In the comments on his article last year, Mr. Ingraham was taken to task by several beekeepers for his lack of understanding of CCD. However, rather than fact check his hypothesis by asking any entomologists or experts about it, he has doubled down with yet another article touting that the bees are just fine as the hive numbers are still high. He is facing yet more backlash in the comments. Some of them are incorrect and are lacking in any scientific basis. But not all of the comments were wrong. Several pointed out that the definition of CCD was being used incorrectly and that was leading to incorrect conclusions. One simply cannot try and disprove bad science by using bad science themselves. In science, definitions matter, especially if it is a disease or disorder that is being discussed. This is the same faulty understanding of science that leads people to question the effectiveness of vaccines or doubt that humans are contributing to the increasing global temperatures.   

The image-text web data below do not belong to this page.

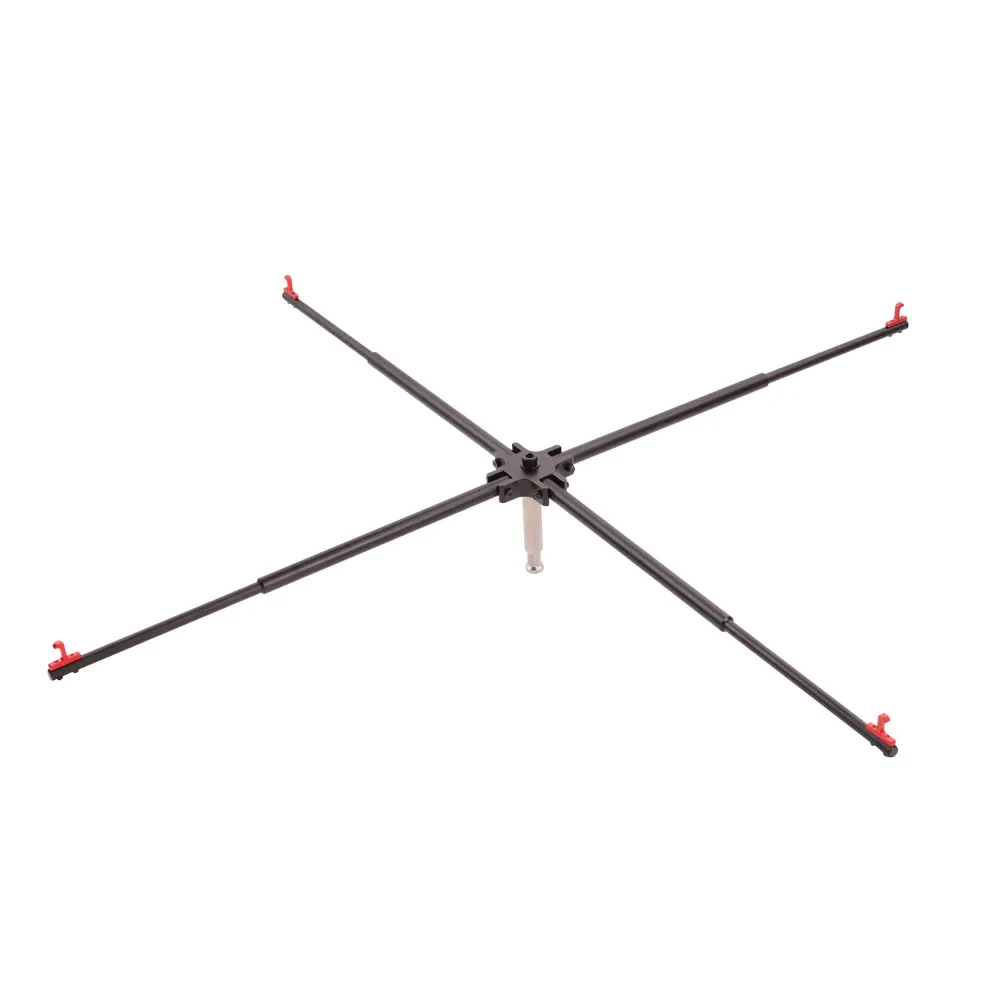 AMARAN F22 Bracket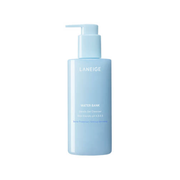 LANEIGE Water Bank Gentle Cleansing Gel 250ml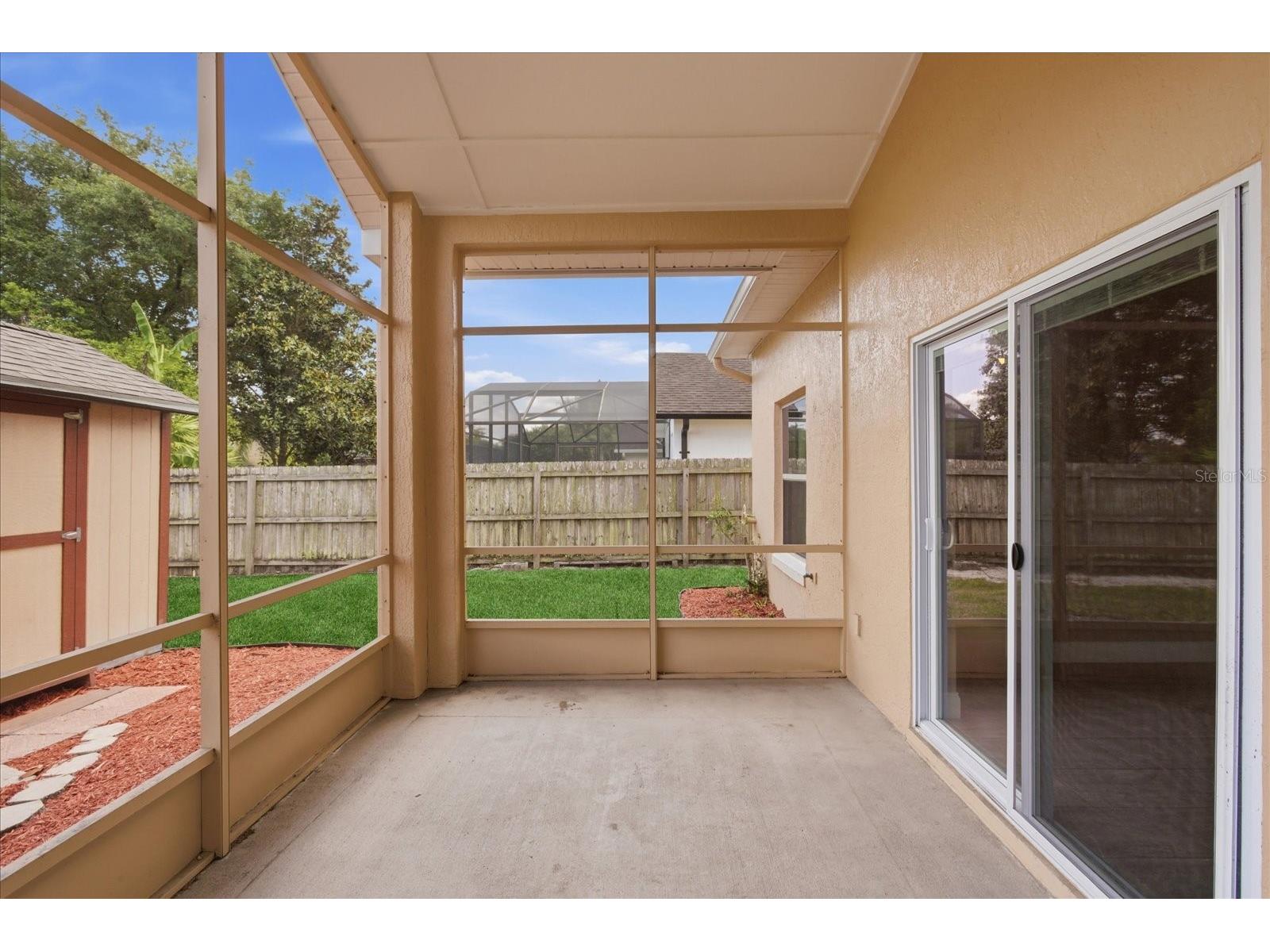 1111 Twin Rivers Boulevard Oviedo FL 32766 O6404402 image33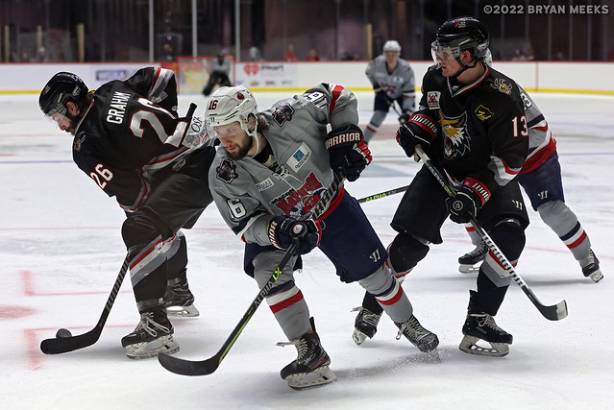 Macon Mayhem 220325_DN_IMG_4116_MHP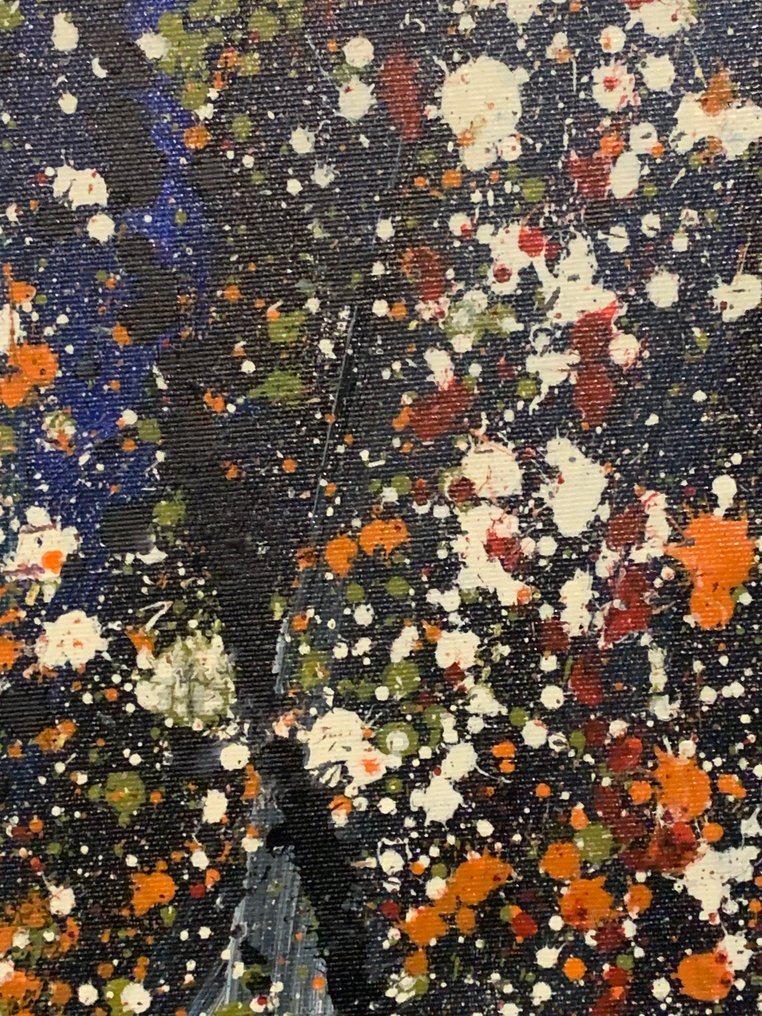 Anastasiya Tumanova - Maxime.-XXL #4.3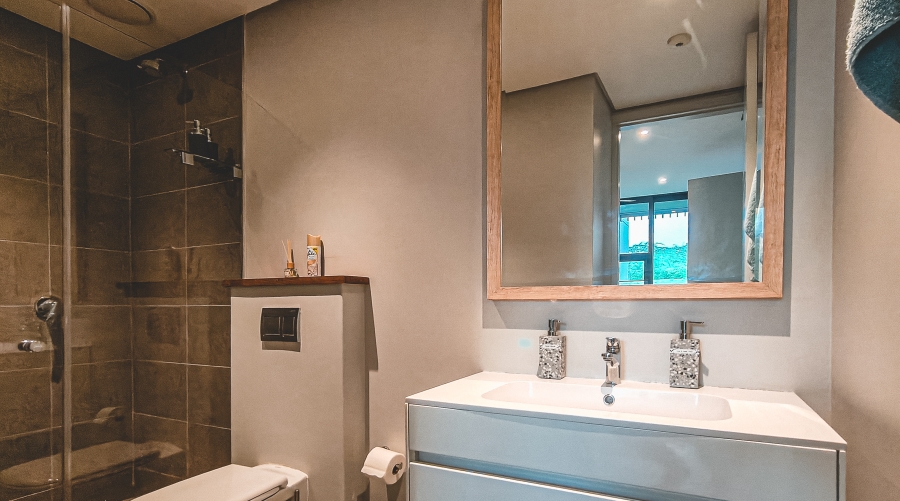 2 Bedroom Property for Sale in Elaleni Coastal Forest Estate KwaZulu-Natal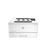 Mini product product m403n 5c7853a5e2a1f9a1f843a4bee5507c6f
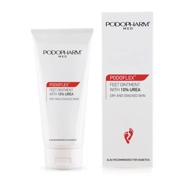 Ointment for Feet with 10% Urea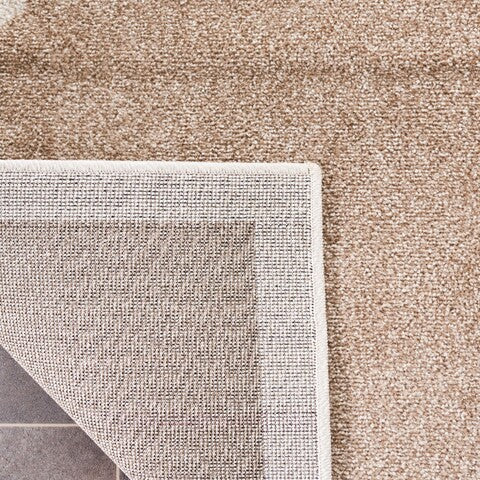 safavieh clearance amherst amt421s wheat rug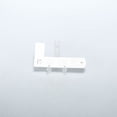 thumbnail image 2 of 2182757 Whirlpool Slide-meat Pan Control OEM 2182757, 2 of 3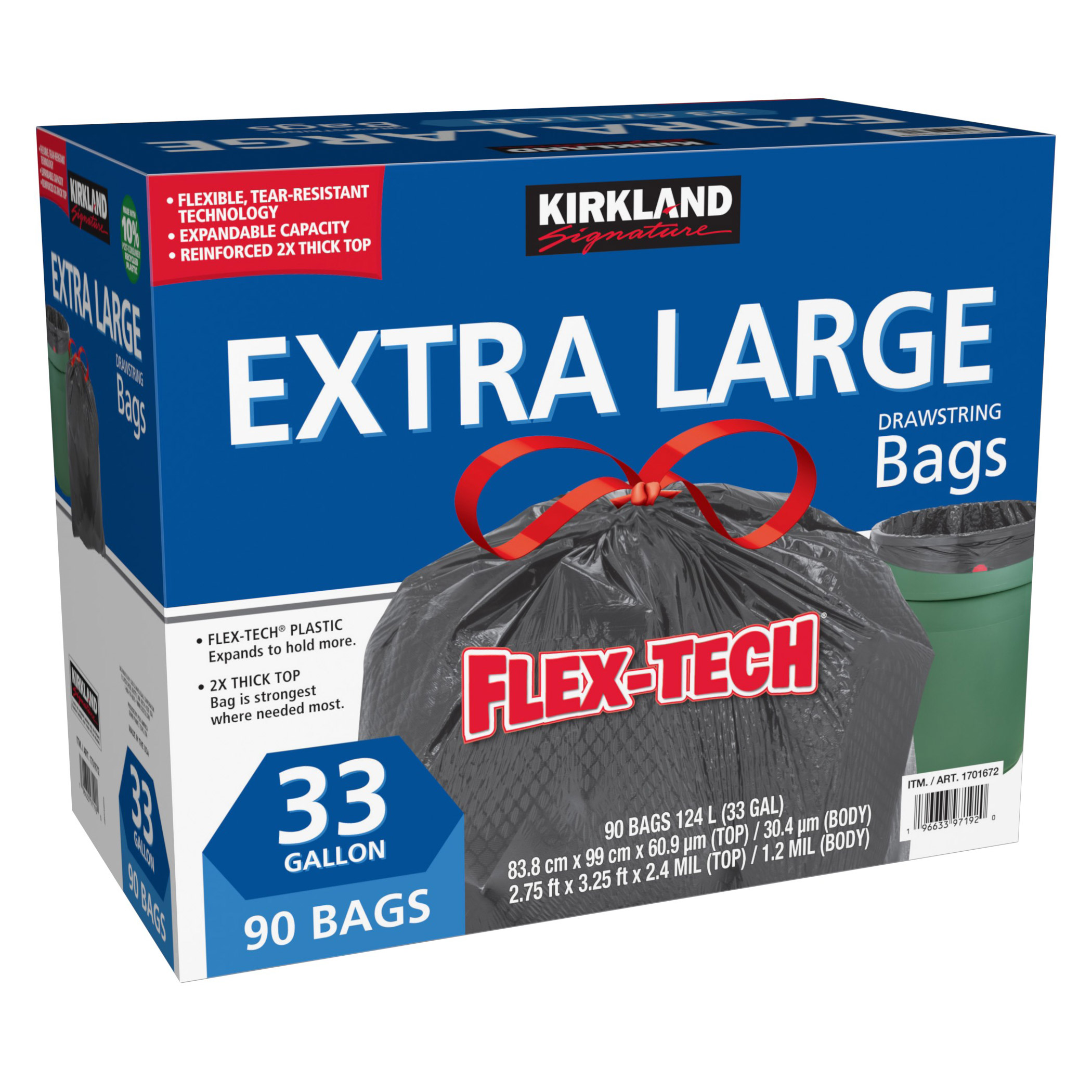 Enlarge Product Preview 2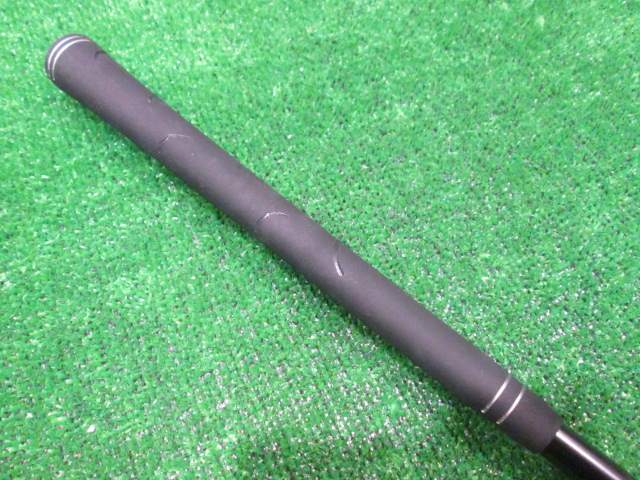 中古 STUDIO WEDGE M425 S ニッケルクロムメッキ 58°ウェッジ ゴルフ用品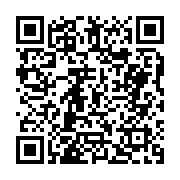 장성풍경 페이지 바로가기 주소(https://business.jangseong.go.kr/q/ezMxMTN8OTE1OHxzaG93fHBhZ2U9NTF9&e=M&s=3), QRCODE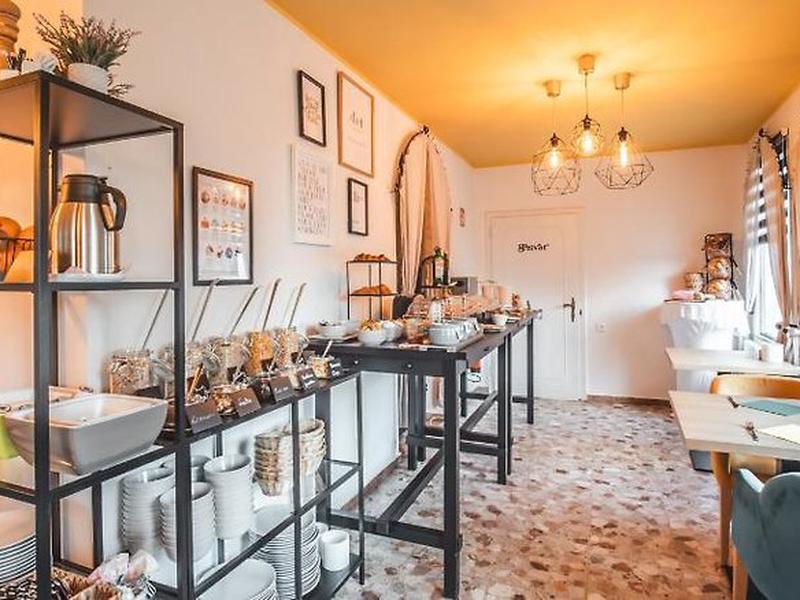 252E265D1F6E6FB06B49014C9332789E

But the problems with the article doesn't stop at misusing the definition of CCD. The author gives some solutions that are meant to negate the effect of CCD; however, neither solution is actually a long-term solution for CCD. From the article:

"So beekeepers have devised two main ways to replenish their stock. The first method involves splitting one healthy colony into two separate colonies: put half the bees into a new beehive, order them a new queen online (retail price: $25 or so), and voila: two healthy hives. The other method involves simply buying a bunch of bees to replace the ones you lost. You can buy 3 pounds of "packaged" bees, plus a queen, for about $100 or so."
There are several issues with the two solutions proposed. Splitting a sick or weak hive results in two sick/weak hives. It'll take time for each hive to build back up with a healthy hive that is split. Splitting weak hives is not a good solution. Buying more bees is just a temporary measure at best as eventually the hive will develop CCD if it's a commercial hive. Neither of these options really addresses what CCD is (remember, it's the loss of bees from a hive without dead bodies being near the hive), so these are akin to trying to put a band-aid on a serious wound. The author did get called out on this by several beekeepers, but their concerns weren't addressed and in fact he repeated these solutions in his second article.
An example of one of the comments from the article.

But what does it matter if one uses the wrong definition for CCD to discuss it or offers a solution that doesn't address the problem? CCD is still a major problem and is causing significant losses. What's worse is that if people truly believe what he is trying to say about CCD, funding for studying and ultimately finding a treatment for CCD could be in jeopardy. The solution of splitting hives or buying new bees isn't anything more than a temporary attempt at a solution. 
I get that this was an attempt to try and dispel the misinformation that surrounds CCD, but you cannot counter misinformation with more misinformation. 

But that doesn't mean that the bee situation is nearly as dire as some would have you believe. The reporting on the other side of the issue is equally atrocious. If we lost honeybees, there are other pollinators that are less efficient. Even if we lost pollinators altogether, we wouldn't starve. Almost all staple crops (wheat, corn, rice, potatoes, etc.) are either wind or self pollinated, so we wouldn't lose access to these food sources. We would lose many fruits and vegetables, such as apples, stone fruits and cucurbits, but we wouldn't starve. But this doesn't mean that losing the bees is something we should be okay with either. Bees play a huge role in agriculture and have for thousands of years. It would be a tremendous loss if they weren't around, even if it doesn't mean that we would starve.

I'll have a blog post soon discussing what some of the current research suggests is involved in causing CCD is. I'll give you a hint, viruses might be involved. But until then, there are some great places to get information on bees and CCD without having to wonder if the science is shaky. Scientific beekeeping is arguably one of the best resources for learning about the science of beekeeping and CCD. CCD is incredibly complex and there isn't a single definitive cause or easy solution for dealing with it.